Overseas they love baseball because, precisely, it is American. Even when Fidel Castro used to put on a baseball uniform and pitch a few innings, at the height of the Cold War, you knew he was perversely sending a valentine to the U.S. Baseball does trump politics, which is why we Orange Countians allow Gov. Gray Davis to sit in an Edison Field suite and cheer our team.

As you read this, Troy, Tim, Darin, Scott, Garret, Adam and the boys will be parading through a sea of red from the Arrowhead Pond, home of Disney’s other team, the Mighty Ducks, back to the Big A (I can’t bring myself to call it “the Big Ed,” in protest of the Edison Company’s complicity in Davis’s energy crisis). Manager Mike Scioscia, who made the joy of the game the team’s winning X factor, will make modest bows, and Jackie Autry will invoke the spirit of Gene.

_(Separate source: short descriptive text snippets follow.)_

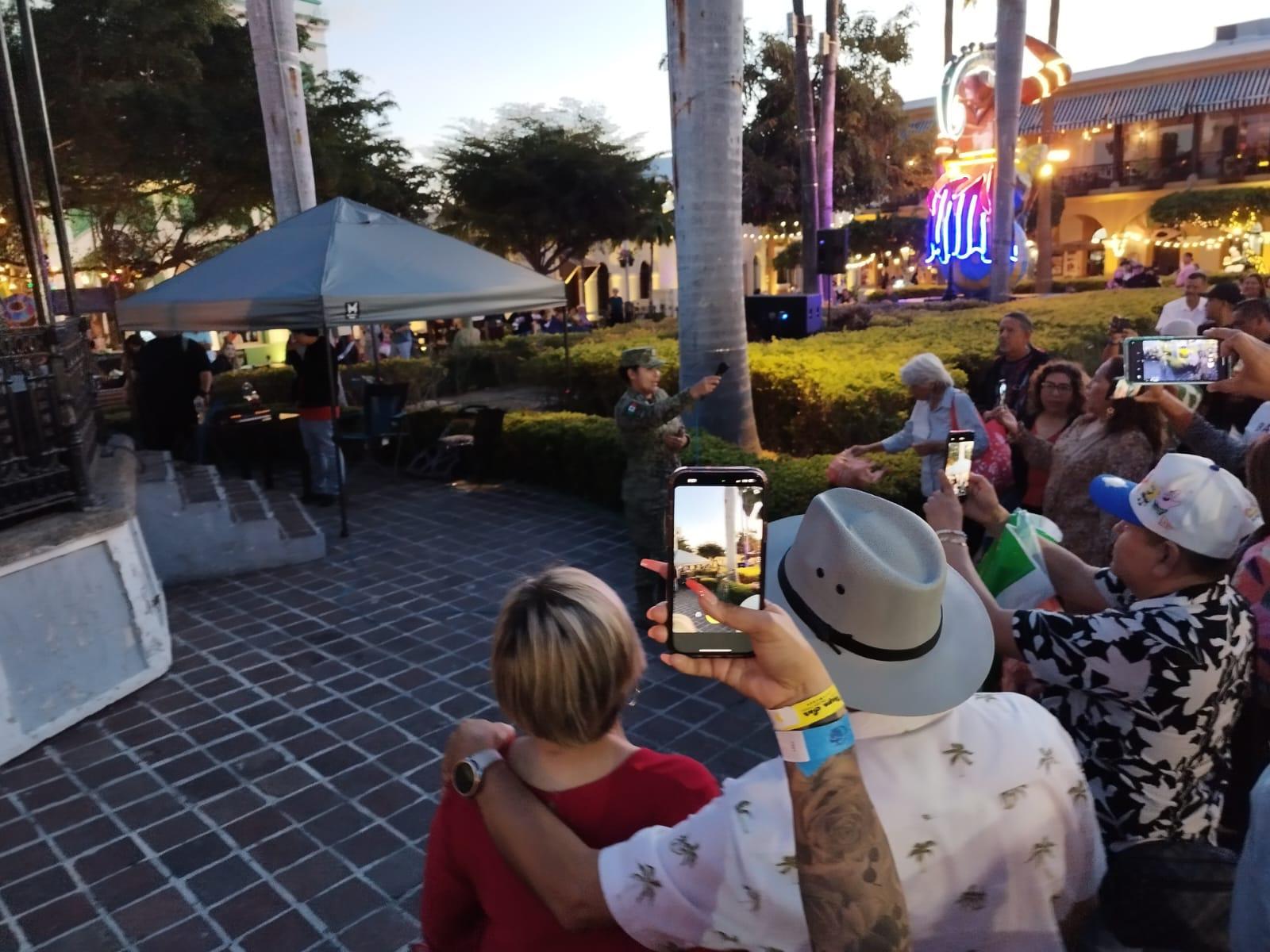 $!Decenas de turistas disfrutan la música de la Banda de Tercera Región Militar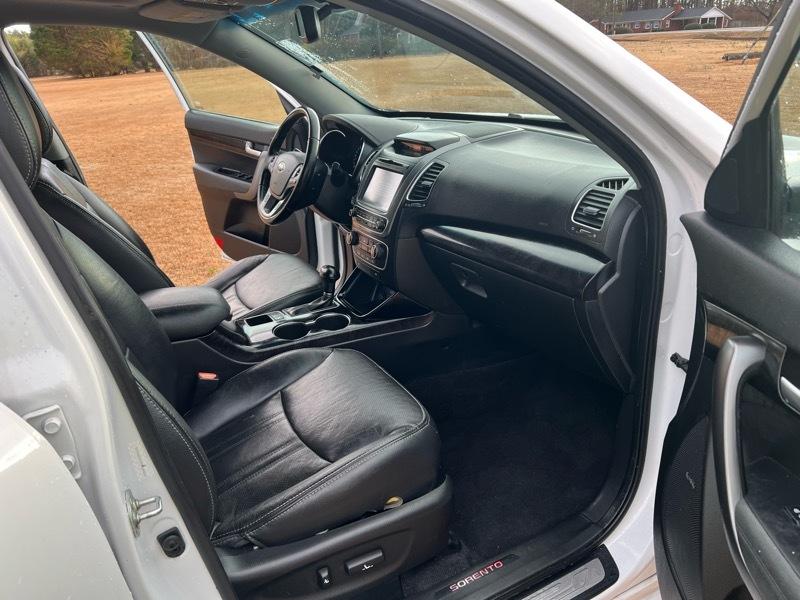 Kia Sorento SX V6 AWD 2015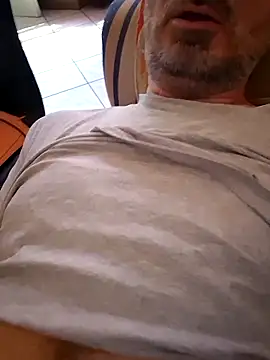 Snapshot of 1talianBeutifulCock chatting on May 23, 2026, 9:13 am 1talianBeutifulCock online show from May 23, 2026, 9:13 am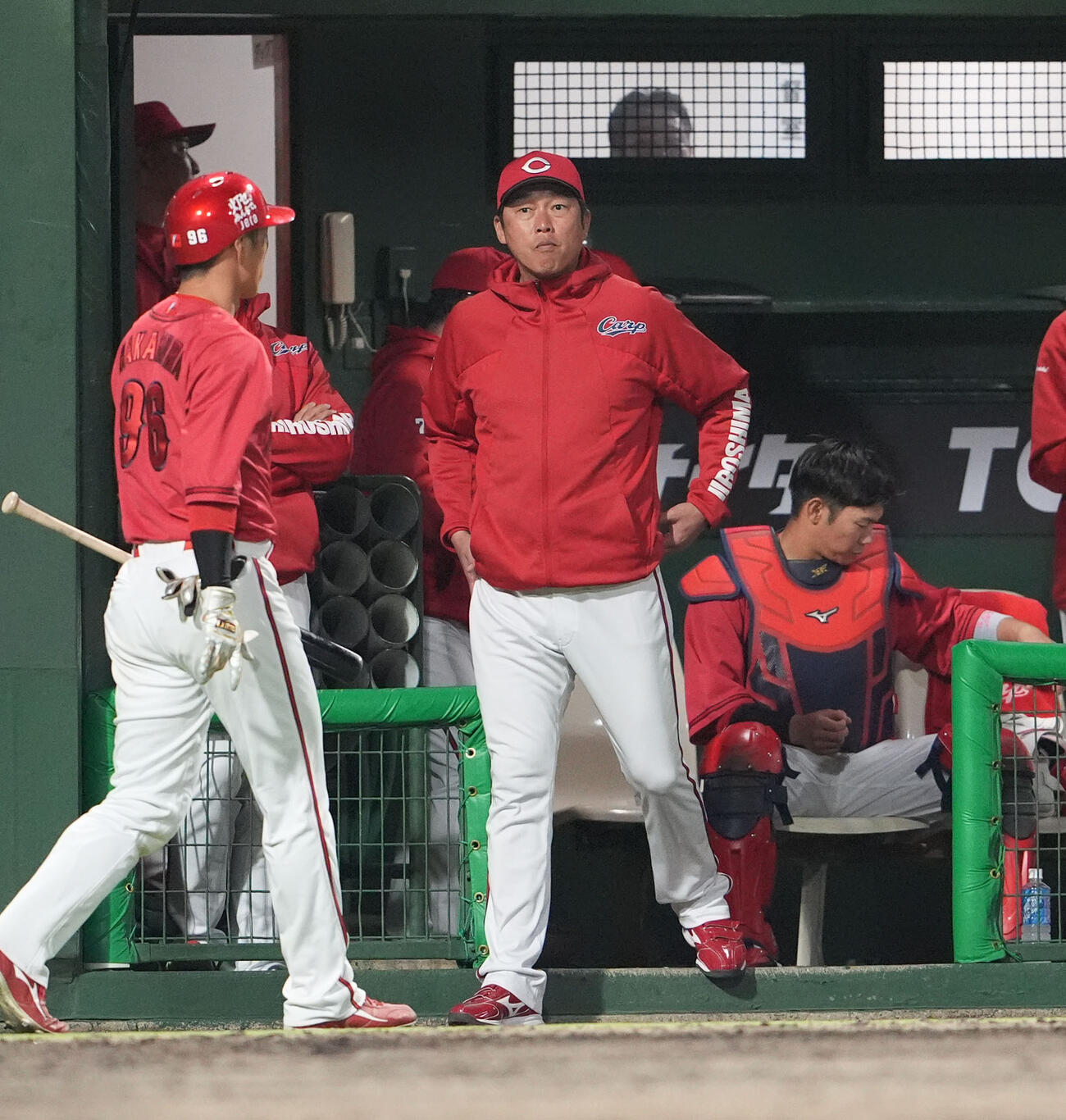 中日対広島　5回表終了、広島新井監督（中央）は選手交代を告げる（撮影・森本幸一）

Angel lovers, draped in red, wielding their thunder sticks and bouncing their rally monkeys, will send back to eastern eggheads the message that “bowling alone” is passé. We are still a nation of community, and advance. And victory.

Their Halos fought back amazingly against the Giants, a Caldwellian-era team brought to the West by Horace Stoneham, a great American ball club consigned by the expansion Angels to Jurassic status. Their motto: “Never say ‘die.'”

You may be thinking of Wellstone and Mondale. I’m thinking of Disney magic, another great American export. I’m thinking of how in these very precincts, in Anaheim backyards three and a half decades ago, we gave Ronald Reagan his political launch. (I’m also thinking of how, not two decades ago, in Washington, some of Reagan’s most fervent admirers pretended he didn’t come from California.)

Pardon me while I bask in another triumph in, and for, the West. Coming back from sure defeat as they did in Game Six, and again in Game Seven, the Angels were nothing less than Churchillian.